Unified Flink Source at Pinterest: Streaming Data Processing

831
Pinterest
Pinterest is a social bookmarking site where users collect and share photos of their favorite events, interests and hobbies. One of the fastest growing social networks online, Pinterest is the third-largest such network behind only Facebook and Twitter.

By Lu Niu & Chen Qin | Software Engineers, Stream Processing Platform Team


To best serve Pinners, creators, and advertisers, Pinterest leverages Flink as its stream processing engine. Flink is a data processing engine for stateful computation over data streams. It provides rich streaming APIs, exact-once support, and state checkpointing, which are essential to build stable and scalable streaming applications. Nowadays Flink is widely used in companies like Alibaba, Netflix, and Uber in mission critical use cases.
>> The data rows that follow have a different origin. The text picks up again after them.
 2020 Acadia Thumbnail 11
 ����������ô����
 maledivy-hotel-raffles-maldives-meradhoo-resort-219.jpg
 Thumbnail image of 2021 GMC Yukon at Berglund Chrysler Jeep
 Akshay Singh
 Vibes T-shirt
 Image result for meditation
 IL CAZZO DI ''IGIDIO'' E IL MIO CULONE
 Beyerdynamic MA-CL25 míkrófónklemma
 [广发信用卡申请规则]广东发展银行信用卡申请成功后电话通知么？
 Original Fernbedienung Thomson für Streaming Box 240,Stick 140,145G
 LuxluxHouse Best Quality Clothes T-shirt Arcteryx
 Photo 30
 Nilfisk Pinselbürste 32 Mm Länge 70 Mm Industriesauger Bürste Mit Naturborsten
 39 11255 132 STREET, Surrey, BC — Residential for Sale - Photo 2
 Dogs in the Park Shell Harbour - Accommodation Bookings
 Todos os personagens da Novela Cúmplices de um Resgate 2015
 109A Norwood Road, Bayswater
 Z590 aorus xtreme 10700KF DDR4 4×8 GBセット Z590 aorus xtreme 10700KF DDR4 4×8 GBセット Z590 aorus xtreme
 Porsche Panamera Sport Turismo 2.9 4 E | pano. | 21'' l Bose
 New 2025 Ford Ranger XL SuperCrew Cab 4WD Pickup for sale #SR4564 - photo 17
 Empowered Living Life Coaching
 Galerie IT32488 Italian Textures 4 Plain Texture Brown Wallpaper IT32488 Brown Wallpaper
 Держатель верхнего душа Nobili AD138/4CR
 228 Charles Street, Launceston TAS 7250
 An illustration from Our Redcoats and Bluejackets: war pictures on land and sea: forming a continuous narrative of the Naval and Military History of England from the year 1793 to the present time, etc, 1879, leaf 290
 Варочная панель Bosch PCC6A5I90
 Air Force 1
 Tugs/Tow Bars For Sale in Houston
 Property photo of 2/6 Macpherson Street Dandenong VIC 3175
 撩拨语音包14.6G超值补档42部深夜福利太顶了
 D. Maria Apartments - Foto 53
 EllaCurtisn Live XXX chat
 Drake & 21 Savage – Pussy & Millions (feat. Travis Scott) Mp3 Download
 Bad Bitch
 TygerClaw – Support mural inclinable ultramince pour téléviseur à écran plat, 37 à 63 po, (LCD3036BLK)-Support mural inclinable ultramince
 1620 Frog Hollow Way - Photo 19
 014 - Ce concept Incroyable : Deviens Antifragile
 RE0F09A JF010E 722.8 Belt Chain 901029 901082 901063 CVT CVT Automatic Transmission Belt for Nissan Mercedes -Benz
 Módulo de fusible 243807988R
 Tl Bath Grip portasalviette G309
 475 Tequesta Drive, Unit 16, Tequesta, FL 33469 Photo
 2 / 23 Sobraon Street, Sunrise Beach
Xenon is the Flink-based stream processing platform at Pinterest. The mission is to build a reliable, scalable, easy-to-use, and efficient stream platform to enable data-driven products and timely decision making. This system includes:

  • Reliable and up-to-date Flink compute engine
  • Improved Pinterest dev velocity on stream application development
  • Platform reliability and efficiency
  • Security & Compliance
  • Documentation, User Education, and Community

Xenon has enabled several critical use cases, including:

  • Ads real-time ingestion, spending, and reporting — Calculate spending against budget limits in real time to quickly adjust budget pacing and update advertisers with more timely reporting results.
  • Fast signals — Make content signals available quickly after content creation and use these signals in ML pipelines for a customized user experience.
  • Realtime Trust & Safety — Reduce levels of unsafe content as close to content creation time as possible.
  • Content activation — Distribute fresh creator content and surface engagement metrics to creators so they can refine their content with minimal feedback delay.
  • Shopping — Deliver a trustworthy shopping product experience by updating product metadata in near real time.
  • Experimentation — Accurately deliver metrics to engineers for faster experiment setup, verification, and evaluation.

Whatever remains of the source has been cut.